PRICES to buy gold flipped either side of $1400 for the 6th session running in London on Thursday, moving in what dealers called "choppy" trade ahead of tomorrow's much-anticipated US jobs data for May.
Asian stock markets followed Wall Street's overnight loss to finish lower, but European equities rallied as major government bonds held flat.
Commodities slipped even as the Dollar fell to new 4-week lows after the Bank of England and the European Central Bank both left monetary policy unchanged at their June meetings.
Silver ticked higher to $22.65 per ounce.
"On any downside below $1400 per ounce," said Standard Bank analysts in a note, "we still feel that physical demand should once again return and thereby limit moves lower.
"Since April this support from the physical market has prevented gold from pushing significantly below $1360 per ounce."
Officials in India – the world's No.1 – today urged banks to deter consumer demand to buy gold after raising import duty to 8% on Wednesday.
In China – the world's second-largest gold buying nation – "The ongoing Shanghai arbitrage is the main attraction for demand," says a trader in Sydney, quoted by Reuters.
Prices to buy gold futures in Shanghai today held some $20 about international benchmarks.
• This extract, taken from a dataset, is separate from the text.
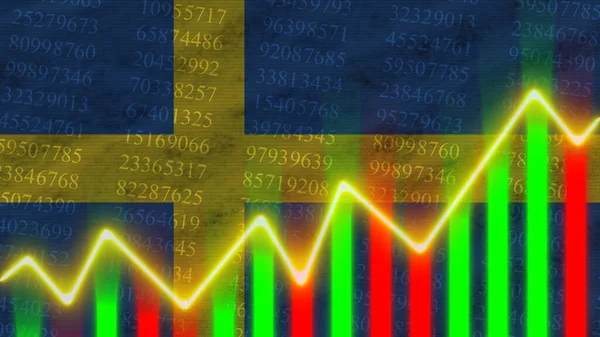 Sveç Bayrağı Finansal Çizelge Finans Grafiği Borsa Borsa Grafiği Borsa — Stok fotoğraf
China's markets will be closed Mon-Weds next week for the Dragon Boat Festival.
In the United States – world No.3 for gold jewelry and investment purchases – demand for American Eagle gold coins remains "unprecedented" according to US Mint acting director Richard Peterson.
"We are buying all the coin blanks [which suppliers] can make."
Anti-government protests meanwhile continued in Turkey, the fourth-largest market for gold in 2012.
"While [India's] duty hike may make bullion more expensive," writes HSBC analyst James Steel, "it is important to note that gold prices in local currency terms are currently lower than at any time in the last year"
Prices to buy gold in Indian Rupees "are still at attractive levels," says Steel.
A day after imposing new blocks on legal gold imports, the Indian government yesterday hiked bullion import duty from 6% to 8% by value – an 8-fold increase from the start of 2012, when New Delhi began blaming gold jewelry and investment purchases for India's large balance of trade deficit.
"This shows that the Indian government is very serious about reducing gold imports," says one bullion dealer.
While the immediate impact will be higher prices for Indian households, "The nature of demand at the retail level is such that restricting supply will not be effective in the long run," says India's managing director at market-development organization the World Gold Council, P.R.Somasundaram.
"[It's] likely to lead to...demand being met increasingly through unauthorised channels, which will not be positive for either the economy or for society."
Also known as the "parallel market", smuggling may account for 20% or more of India's total imports in 2013, according to one estimate quoted by the Economic Times.
Called "wasteful expenditure" by one senior official this morning, household gold demand should be further deterred by advising customers against buying gold coins, finance minister P.Chidambaram told the same banking conference in Mumbai.
Thursday morning however the Rupee fell, down to 57 per US Dollar for the first time in 12 months and very near its all-time record low.